Originally designed by John Nash in the early 19th century, Regent’s Crescent is a historic site on the south-east corner of Regent’s Park. The building was damaged during the Second World War and reconstructed in the 1960s, but with the addition of a pair of residential blocks at the rear.
Redevelopment of famous historic crescent in Central London
The crescent façade is Grade I listed, but this relates to its historical presence rather than the existing post-war material. As a result the façade has been demolished and will be rebuilt with new brickwork and stucco that accurately represents Nash’s original design.
Whilst the crescent has been demolished, the plant rooms, gardens, and the residential blocks with an entrance that runs beneath the crescent, have been retained. In place of the crescent, a series of high-quality four-storey residential apartments are to be built, extending beyond the existing façade line at the rear. It will comprise a reinforced concrete frame with vertical concrete columns and horizontal flat slabs. Stability is to be provided by new reinforced concrete cores and walls. The roof structure constitutes a lightweight timber frame made of vertical SIPS panels and plywood diaphragm deck.
Two tube tunnels run under the south-east side of the crescent that place limitations on the extent of new foundation and construction activity. The close proximity of the tunnels also creates noise and vibration issues, which will be mitigated using an acoustic anti-vibration isolation system. Ground movement modelling has also been necessary to assess the impact of construction on the underground tunnels, particularly the effect of basement construction.

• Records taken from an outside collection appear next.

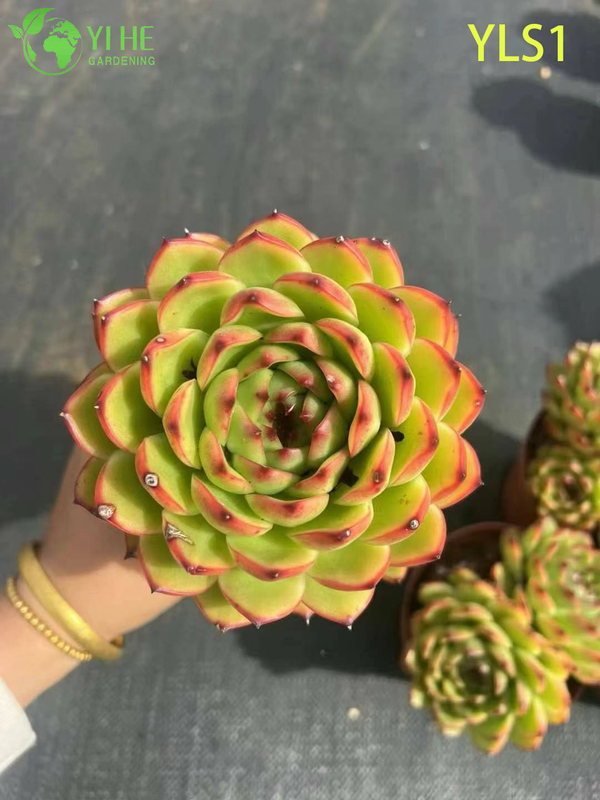 Оптовые продажи губной помады Echeveria Agavoides Живое суккулентное растение Бонсай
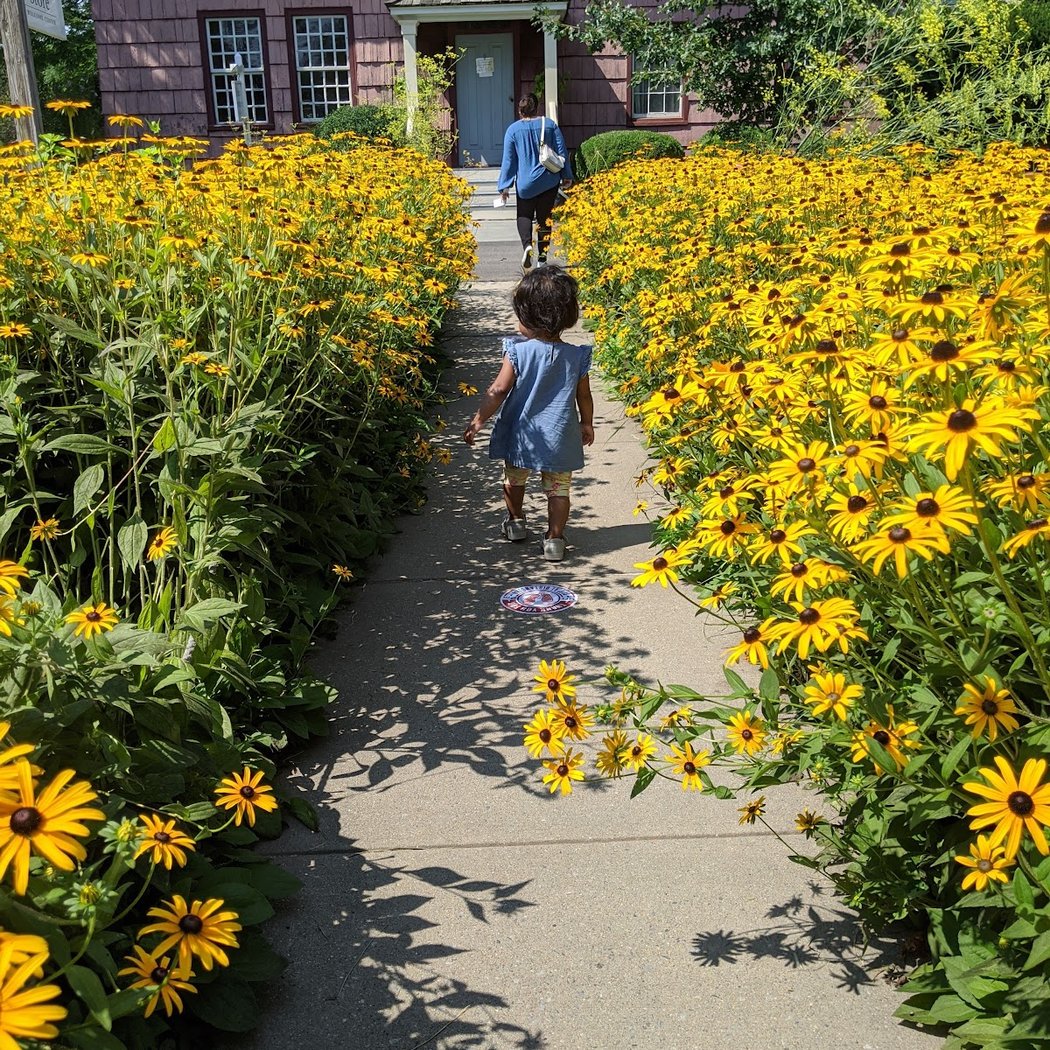 Joy on the Farm 1
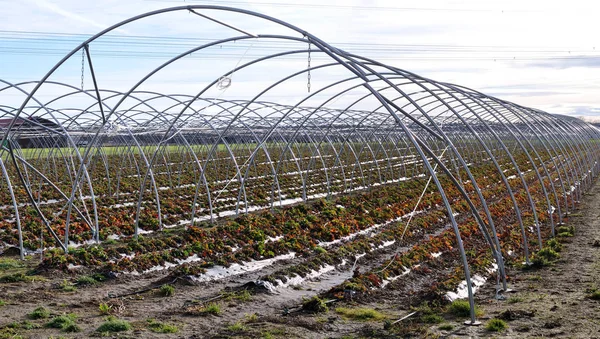 Rijen stalen bogen van een polytunnel — Stockfoto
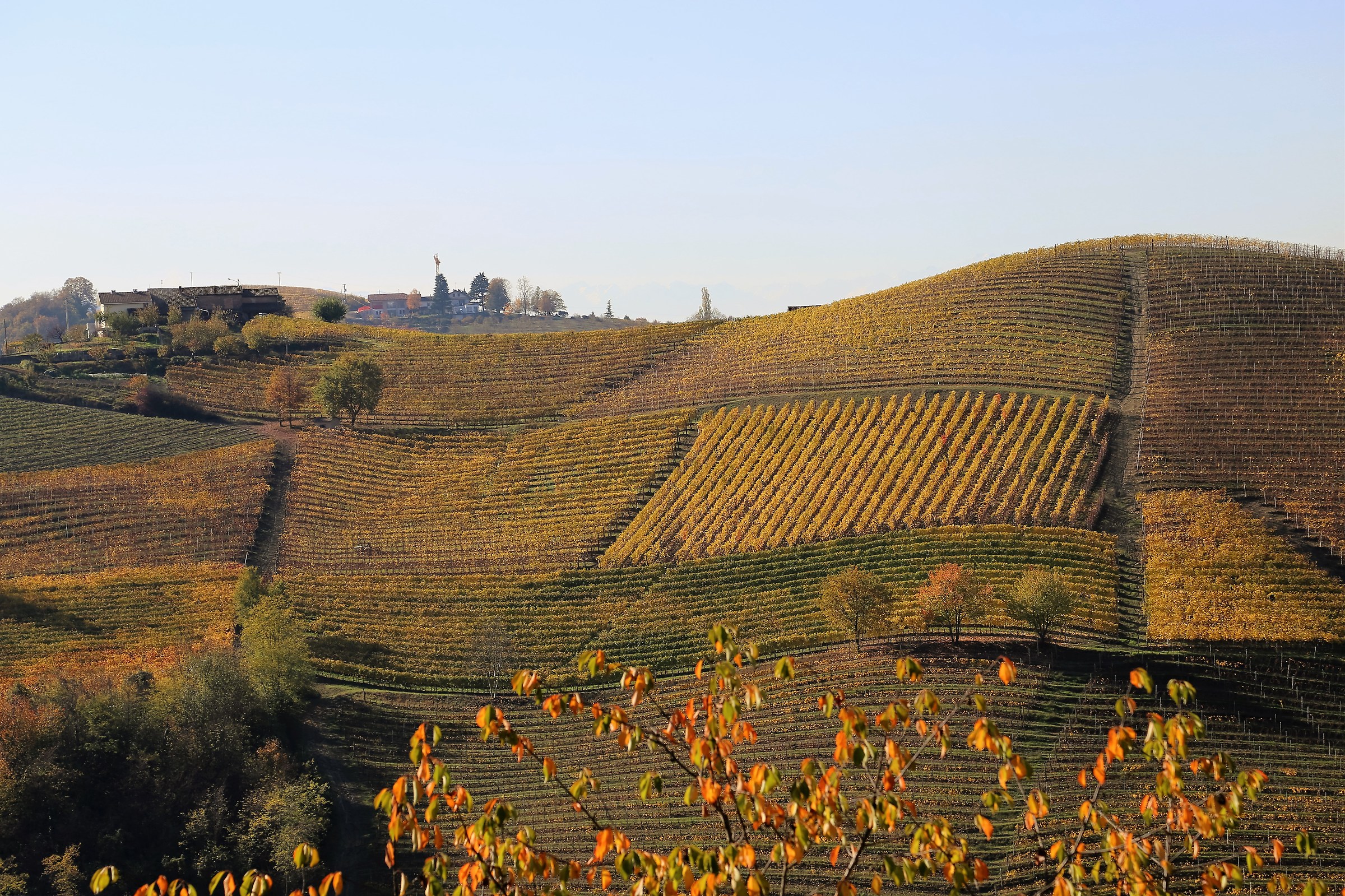 Langhe : colline di Barbaresco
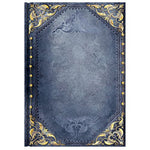 Paperblanks Hardcover Lined Notebook Peacock Punk Midi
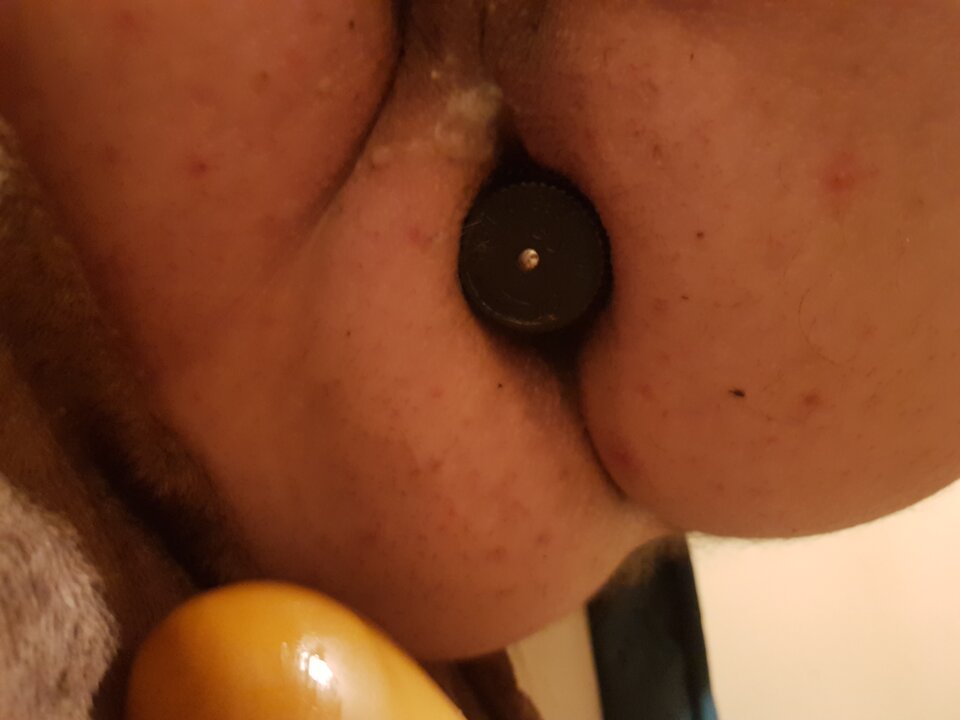 20220903_100546.jpg - Grubasek1970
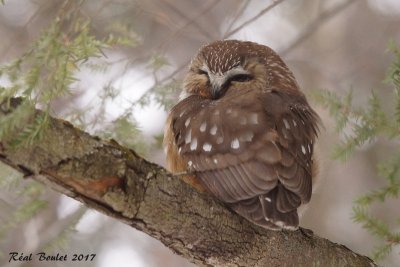 Petite Nyctale (Northern Saw-whet Owl) 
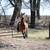 Broke, Trail ridden, Arabian Gelding 18 thumbnail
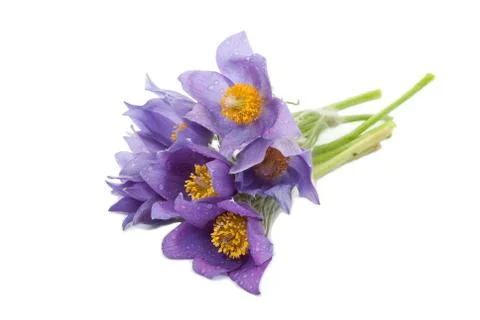 Pulsatilla pratensis Stock Photos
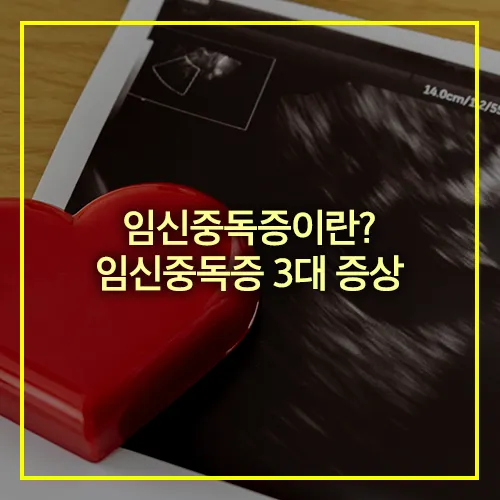 임신중독증 3대 증상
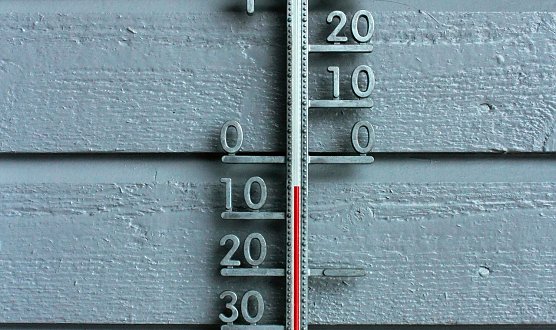 Thermometer (Foto: Elmira Ashirova auf Pixabay)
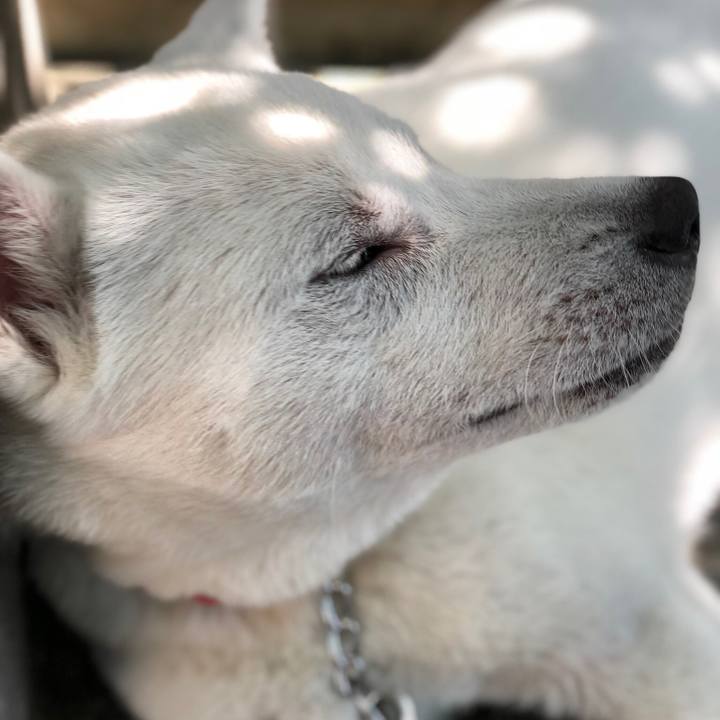 98da37d5 8c9a 482b a532 c454de60a55a 1527933334555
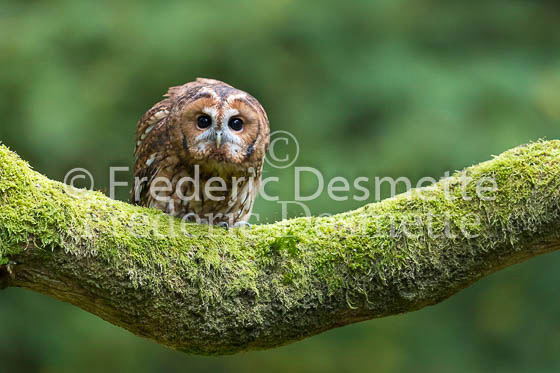 Tawny owl 69 (Strix aluco)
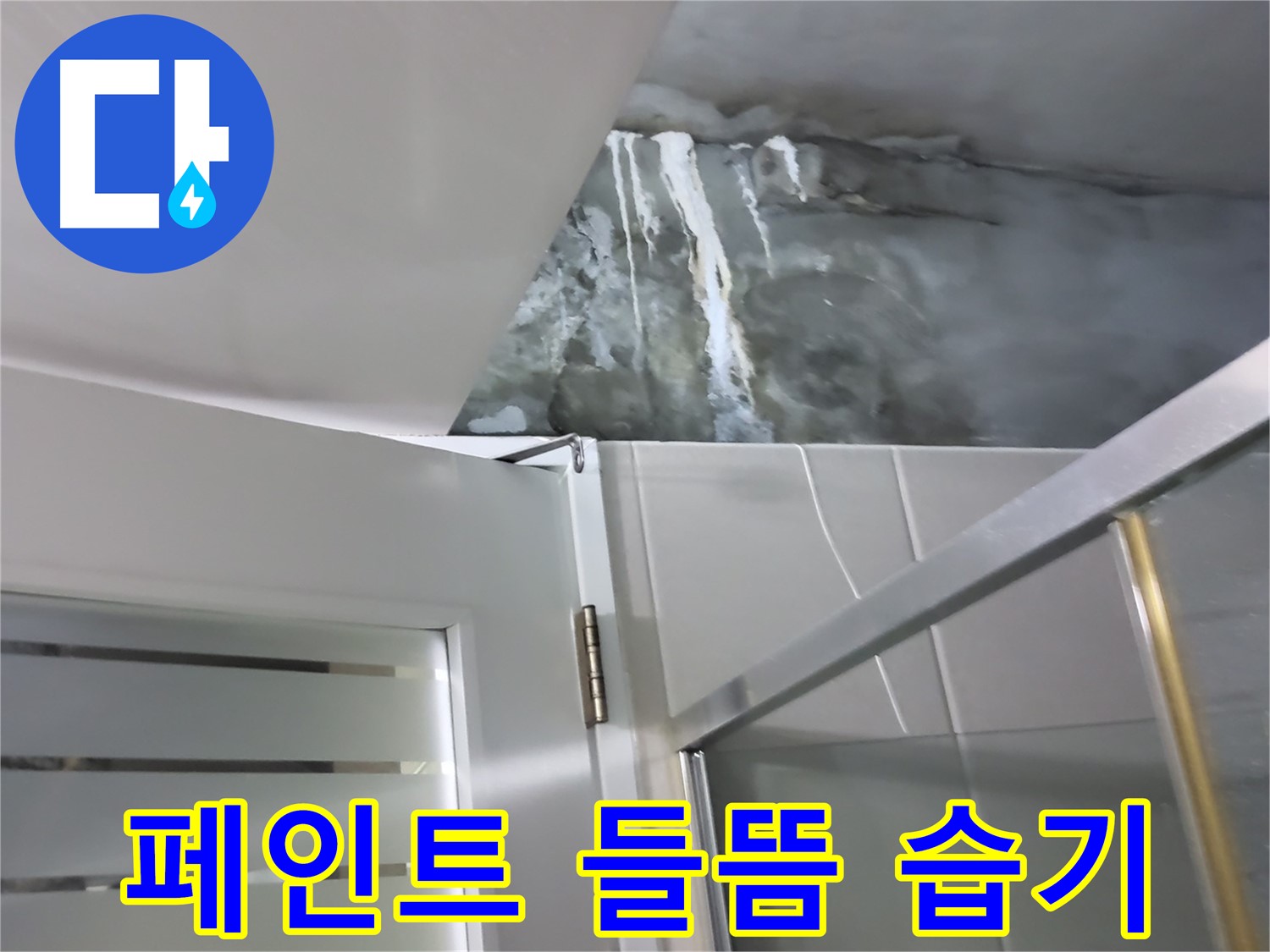 분당 운중동 샤워부스 주변 벽면의 심한 페인트 들뜸과 습기 집중 측정 - 누수 원인 분석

The new structure will utilise either shallow rafts or piled foundations, and two new basement levels have been proposed for both sides of the crescent. In addition, there is an existing sewer running beneath the gardens behind the crescent which could clash with the planned basement, so it will likely be necessary to divert this to the edge of the site.
This scheme also includes the excavation of an 18th-century ice-well, a subterranean brick structure once used to store ice from the Arctic region. Having been infilled, we analysed the structure to account for ground movement that may cause instability once it has been excavated.